Our DCSAM consists of a DCNN (Please see our previous study [5] for further explanation and calculation details of DCNN) and self-attention mechanism. The convolution [64] transforms an input segment into a high-level feature map and the deconvolution [65] further expands them by recovering latent features that were ignored in the former block. The self-attention mechanism then computes and updates explainable key features of sleep stages by calculating the attention weights of local features with their global dependencies. The following description begins with the introduction of the single-head self-attention mechanism. Afterwards, the multi-head self-attention mechanisms are briefly explained. The architecture of our proposed DCSAM and its implementation details are presented in the last part of this section.

DeConvolution- and Self-Attention-Based Model

Figure 3 portrays the computation of a single-head self-attention mechanism. The input and output of the self-attention mechanism are sequences. In particular, the generation of the output can be performed in parallel, since it is an advanced batch-processing algorithm that performs dot product operations between matrices. We assume that the output of the last deconvolutional layer of the DCNN is a feature map, which is defined as a sequence of matrices $X = x_{1}, \dots, x_{T}$ where $x_{t}$ ( $1 \leq t \leq T$ ) is a $C \times M$ matrix created by vertically stacking an M-dimensional transposed vector $x_{t, c}$ ( $1 \leq c \leq C$ ) (i.e., the cth row of $x_{t}$ is $x_{t, c}^{T}$ ). Here, T, C, and M are the length of the feature map, the number of channels, and the number of filters of the last DCNN layer, respectively. Global Average Pooling (GAP) is performed to summarise $x_{t, c}$ into its average $x_{t, c}^{'}$ . According to this, $x_{t}$ is converted into an C-dimensional vector ${x^{'}}_{t} = {(x_{t, 1}^{'}, \dots, x_{t, C}^{'})}^{T}$ , and $X$ is transformed into a matrix of dimensions $T \times C$ where it contains T vectors of C-dimensions such as $X^{'}$ = ${x^{'}}_{1}, \dots, {x^{'}}_{T}$ . This kind of GAP is useful for making our model more robust and resistant to overfitting while preserving the useful information for each channel. $X^{'}$ is fed as input to the self-attention mechanism to extract the correlations between all pairs of features in the local or global context.
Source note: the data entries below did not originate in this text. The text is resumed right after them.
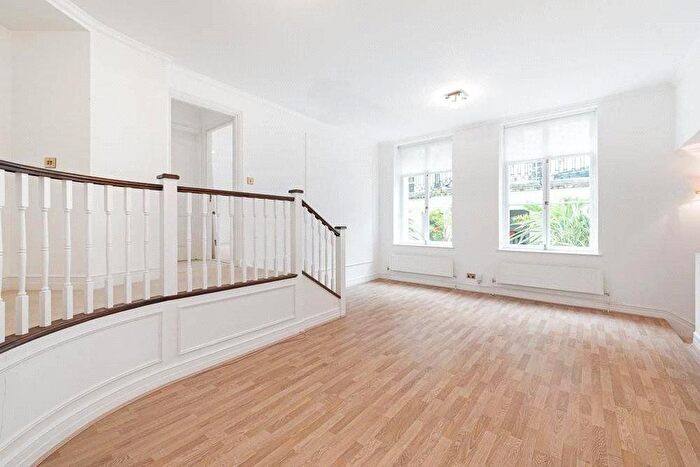 2 Bedroom Flat For Sale In Mansfield Street, London, W1G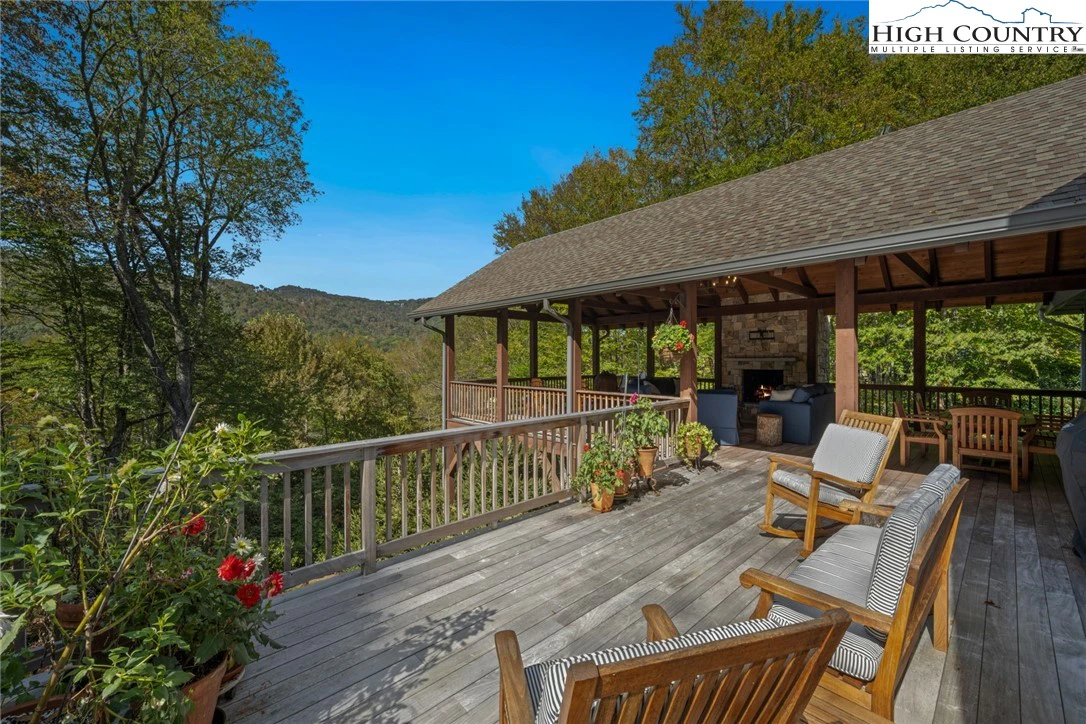 Image number 19 for the current listing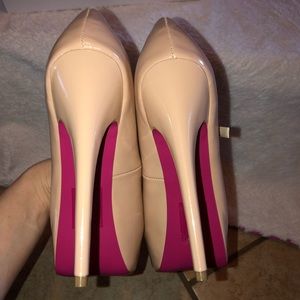 Shoe Dazzle Shoes - Shoe Dazzle signature hidden platform heels Shoe Dazzle Shoes - Shoe Dazzle signature hidden platform heels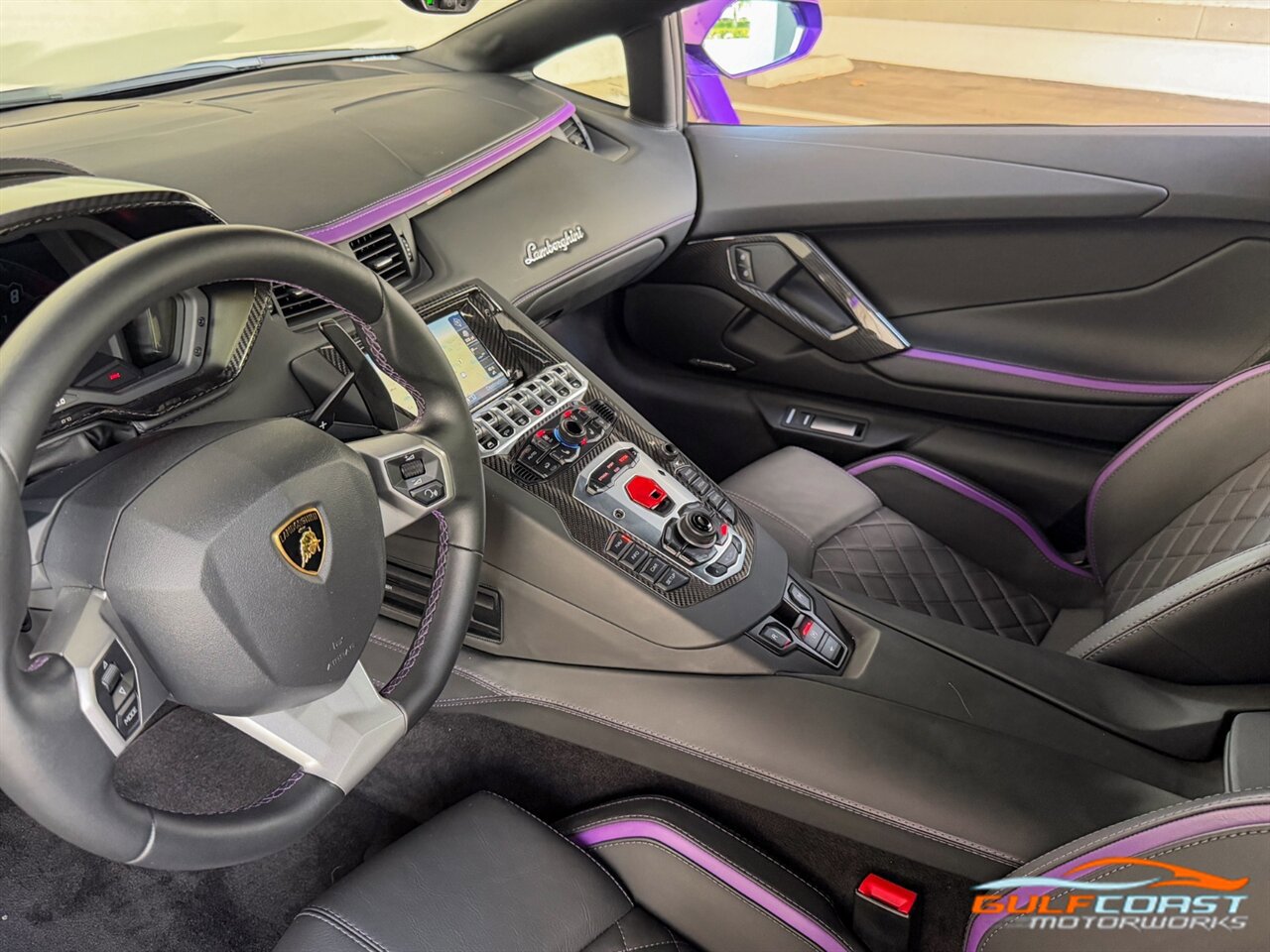Used 2018 Lamborghini Aventador S image 17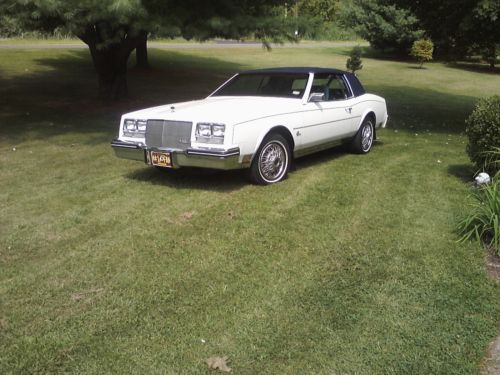 1985 buick riviera luxury coupe 2-door 5.0l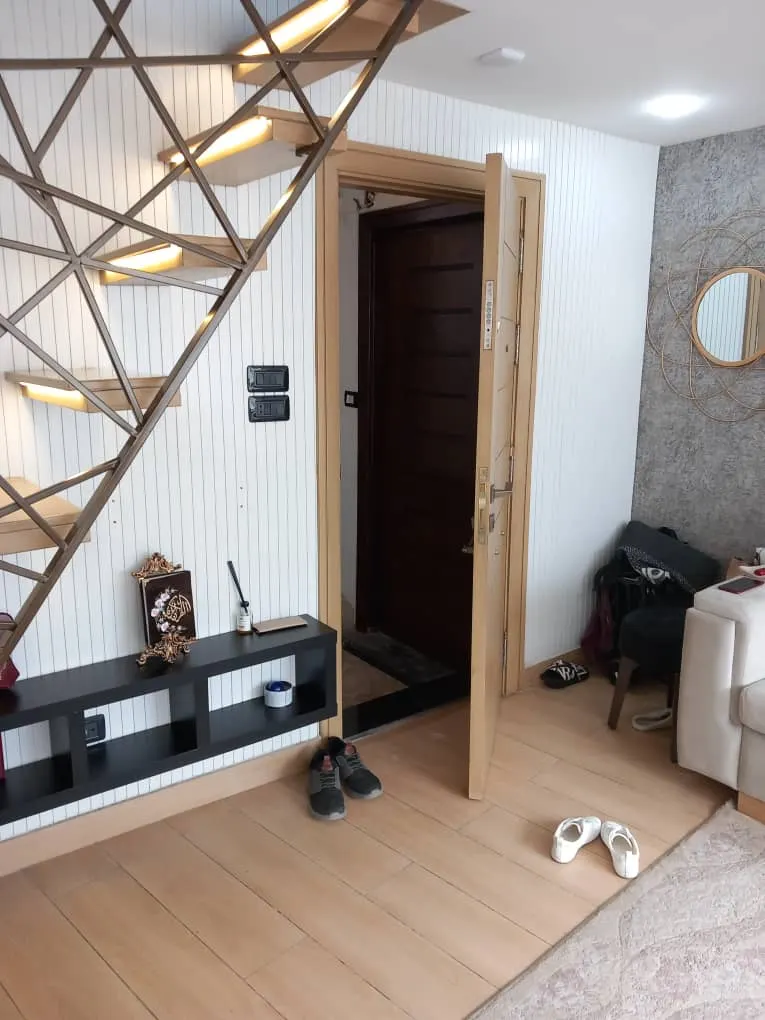 منزل مفروش بالكامل وجاهز للسكن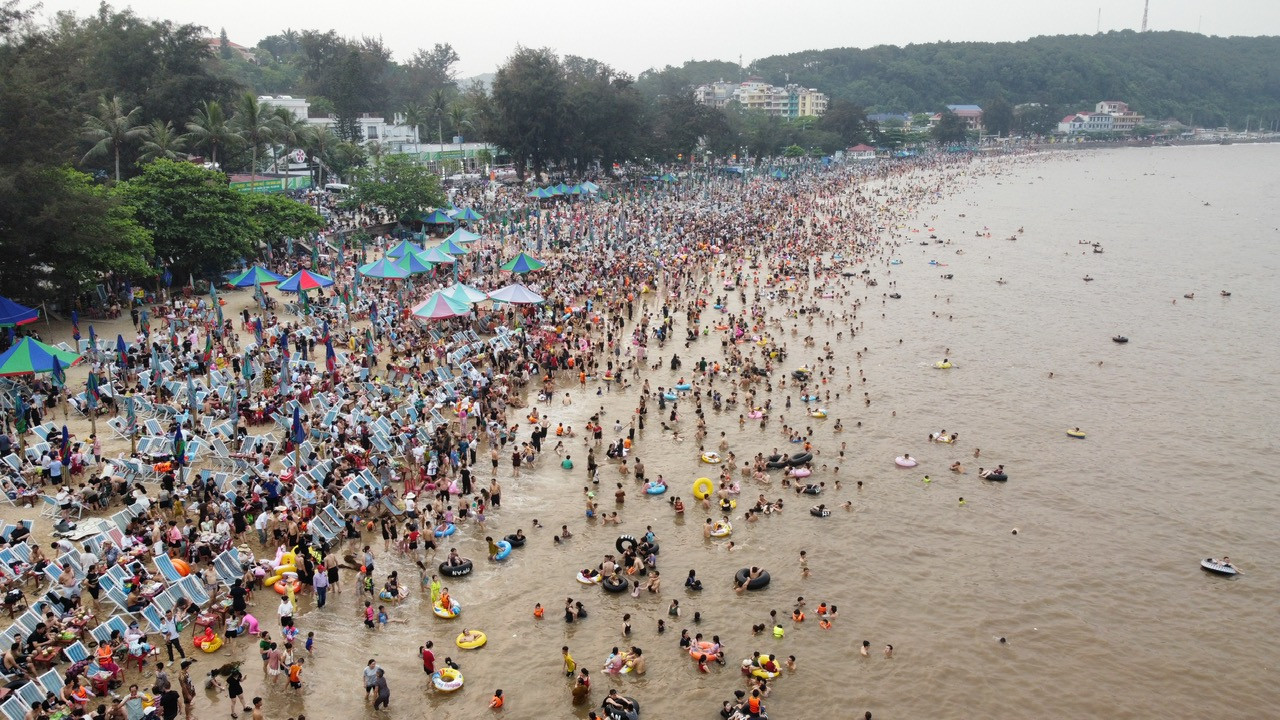 Bãi tắm truyền thống (ảnh trái) được cải tạo đã cho người dân và du khách trải nghiệm về bãi tắm xanh, sạch, đẹp hơn.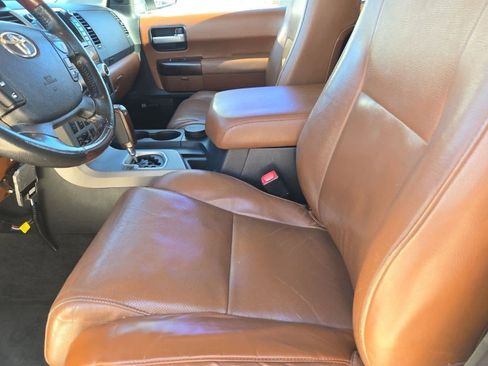 Used 2011 Toyota Sequoia Platinum image 16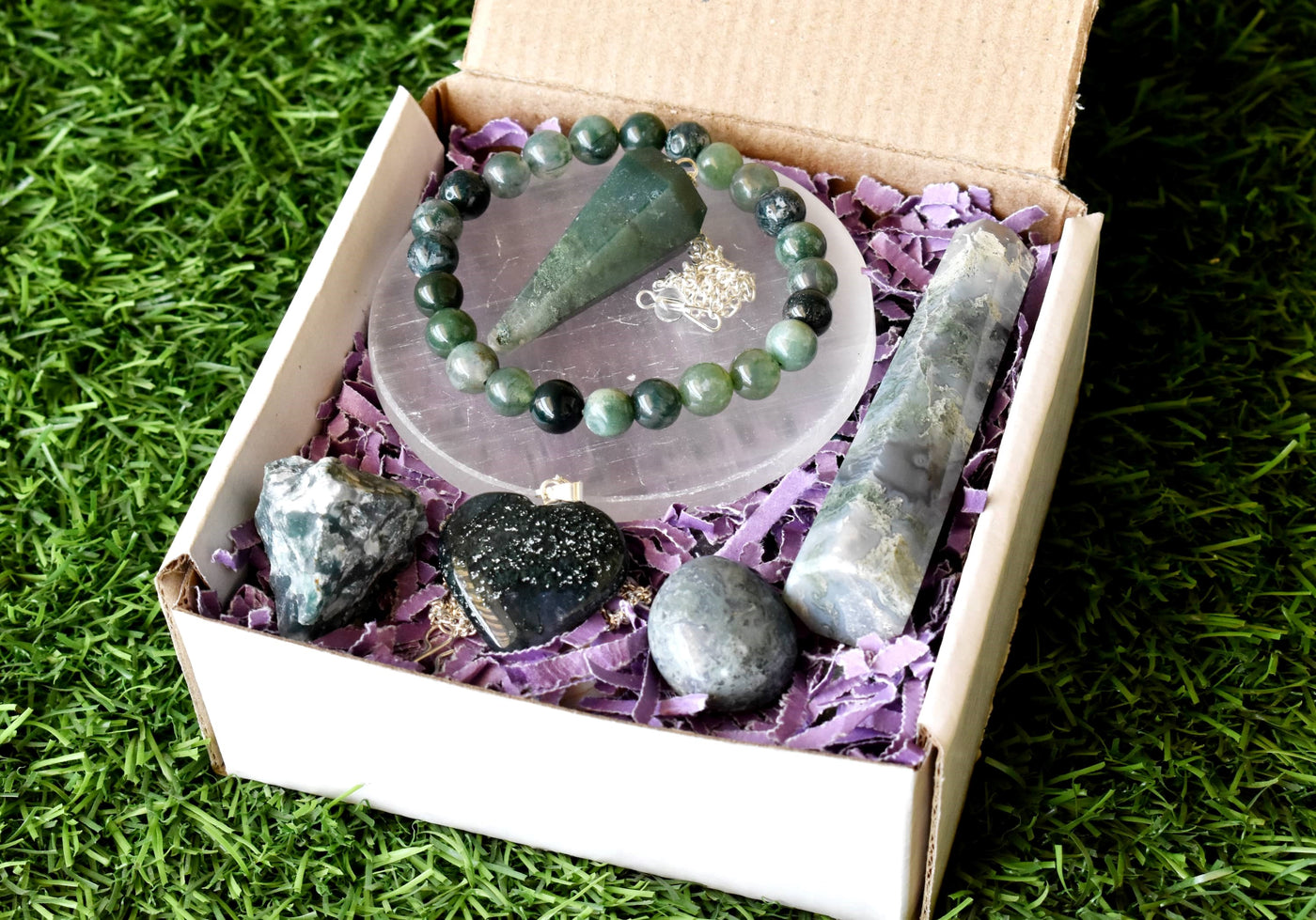 Coffret cadeau en cristal d'agate mousse pour un soutien et une protection émotionnels, véritables pierres précieuses polies.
An illustration of the single-head self-attention mechanism: $X^{'}$ is the input matrix of dimensions $T \times C$ , where T, C represent the length of the time window and the number of channels, respectively. $Γ$ and $Λ$ are the transformation weight matrices used to convert the position vector $E$ and the input vector $X^{'}$ after concatenation into a new input vector $X^{″}$ encoded by the temporal position. Three weight matrices $R^{q}$ , $R^{k}$ and $R^{v}$ used to generate corresponding *query* ( $q_{t}$ ), *key* ( $k_{t}$ ) and *value* ( $v_{t}$ ) based on $X^{″}$ . g is the initial attention score that reflects the relevance between a given *query* and each *key* and is then normalized by softmax to produce $\hat{g}$ . The attention weight $o$ can be calculated by the sum of the multiplication between all $\hat{g}$ s and its corresponding *values*.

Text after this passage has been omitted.